Nikt się nie odezwał. Czekali.
– Każdy z nich miał w sobie więcej high-techu niż „Kania”. Niestety... Ten projekt trafił na wyjątkowo niekorzystne okoliczności.
Nie mógł być bardziej eufemistyczny. Dzień. Moment, w którym zmieniło się wszystko.
– W wyniku tych okoliczności Dział Rozwoju Floty zadecydował o zawieszeniu badań w tej dziedzinie. Nasza grupa jest tutaj po to, aby odzyskać z projektu, co się da.
Kilka pytających spojrzeń. Pomimo maskujących ruchy skafandrów można było zauważyć,
że medycy Phillipsa wyraźnie się spięli. Musieli się domyślać. Któryś ze szturmowców zaczął
nawet coś mówić, ale Harris powstrzymał go gestem opancerzonej rękawicą dłoni. Technicy milczeli.

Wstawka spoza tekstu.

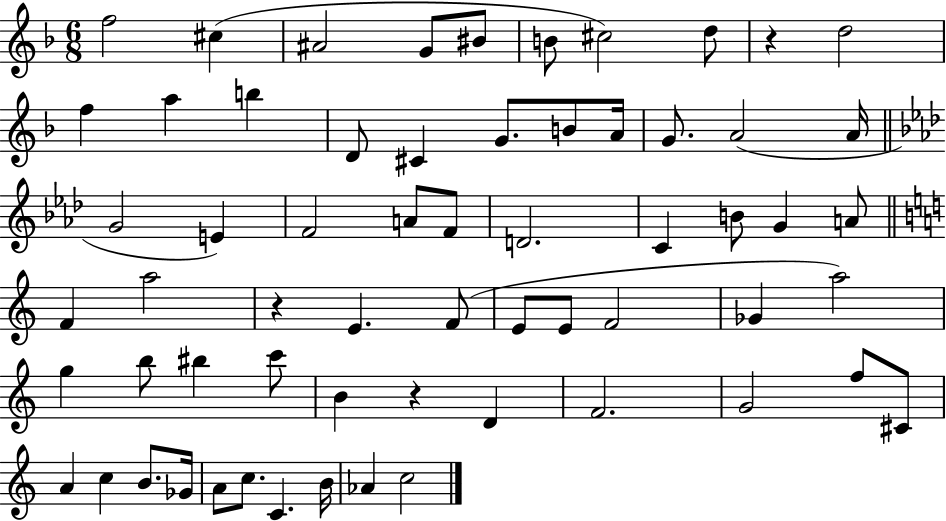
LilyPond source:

{
  \clef treble
  \numericTimeSignature
  \time 6/8
  \key f \major
  f''2 cis''4( | ais'2 g'8 bis'8 | b'8 cis''2) d''8 | r4 d''2 | \break f''4 a''4 b''4 | d'8 cis'4 g'8. b'8 a'16 | g'8. a'2( a'16 | \bar "||" \break \key f \minor g'2 e'4) | f'2 a'8 f'8 | d'2. | c'4 b'8 g'4 a'8 | \break \bar "||" \break \key c \major f'4 a''2 | r4 e'4. f'8( | e'8 e'8 f'2 | ges'4 a''2) | \break g''4 b''8 bis''4 c'''8 | b'4 r4 d'4 | f'2. | g'2 f''8 cis'8 | \break a'4 c''4 b'8. ges'16 | a'8 c''8. c'4. b'16 | aes'4 c''2 | \bar "|."
}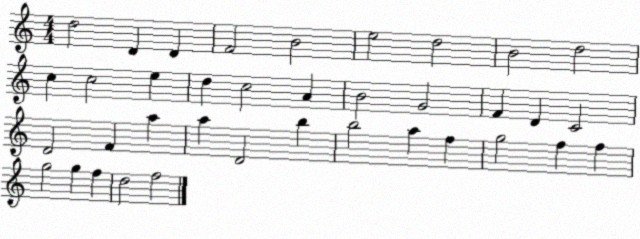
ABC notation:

X:1
T:Untitled
M:4/4
L:1/4
K:C
d2 D D F2 B2 e2 d2 B2 d2 c c2 e d c2 A B2 G2 F D C2 D2 F a a D2 b b2 a f g2 f f g2 g f d2 f2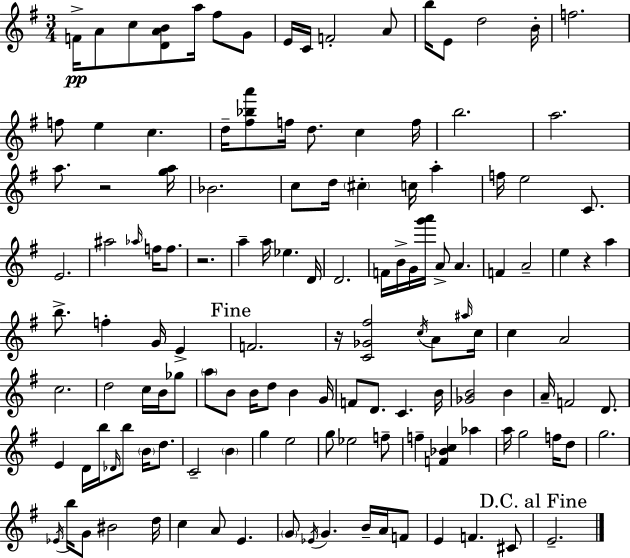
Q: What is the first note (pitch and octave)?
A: F4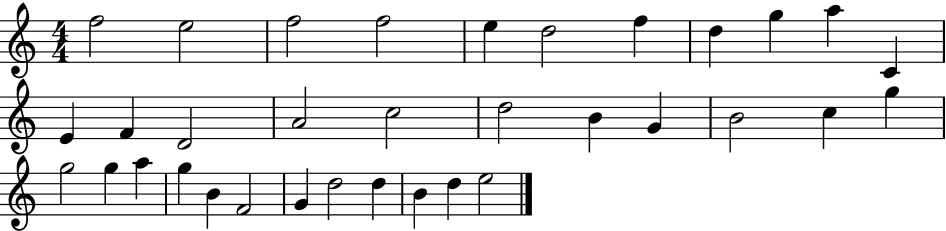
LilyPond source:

{
  \clef treble
  \numericTimeSignature
  \time 4/4
  \key c \major
  f''2 e''2 | f''2 f''2 | e''4 d''2 f''4 | d''4 g''4 a''4 c'4 | \break e'4 f'4 d'2 | a'2 c''2 | d''2 b'4 g'4 | b'2 c''4 g''4 | \break g''2 g''4 a''4 | g''4 b'4 f'2 | g'4 d''2 d''4 | b'4 d''4 e''2 | \break \bar "|."
}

Pułkownik Brisbane powiódł wzrokiem po swoich ludziach. Operacje Specjalne bywały
nieprzyjemne i ta właśnie taka była. Ale ktoś musiał to robić.
– Każdy z żołnierzy Pierwszej Kompanii jest zintegrowany z kompletnym systemem
bojowym. Trzy neurozłącza, blok taktyczny, wspomaganie systemu nerwowego i mięśniowego.
Dopóki pozostają żywi, ta technologia jest jak najbardziej odzyskiwalna. A jak bardzo jest potrzebna, nie muszę chyba wspominać.
Kilka wymienionych spojrzeń, niepewna mina Reese’a. Phillips nerwowo przygryzł dolną
wargę, a Stein bardzo głośno wypuścił powietrze z płuc. Cross zaklął cicho. I tak to nieźle przyjęli.
Sam Brisbane był zaskoczony, kiedy pierwszy raz zobaczył rozkazy. Bardzo niemile zaskoczony, musiał przyznać.
– Sir, czy nie istnieje możliwość wykorzystania tej jednostki zgodnie z założeniami? Być może da się nie marnować zainwestowanej pracy. – Psycholog starał się mówić bez emocji, chociaż jego uczucia były tak czytelne, jakby miał je wprost wypisane na twarzy.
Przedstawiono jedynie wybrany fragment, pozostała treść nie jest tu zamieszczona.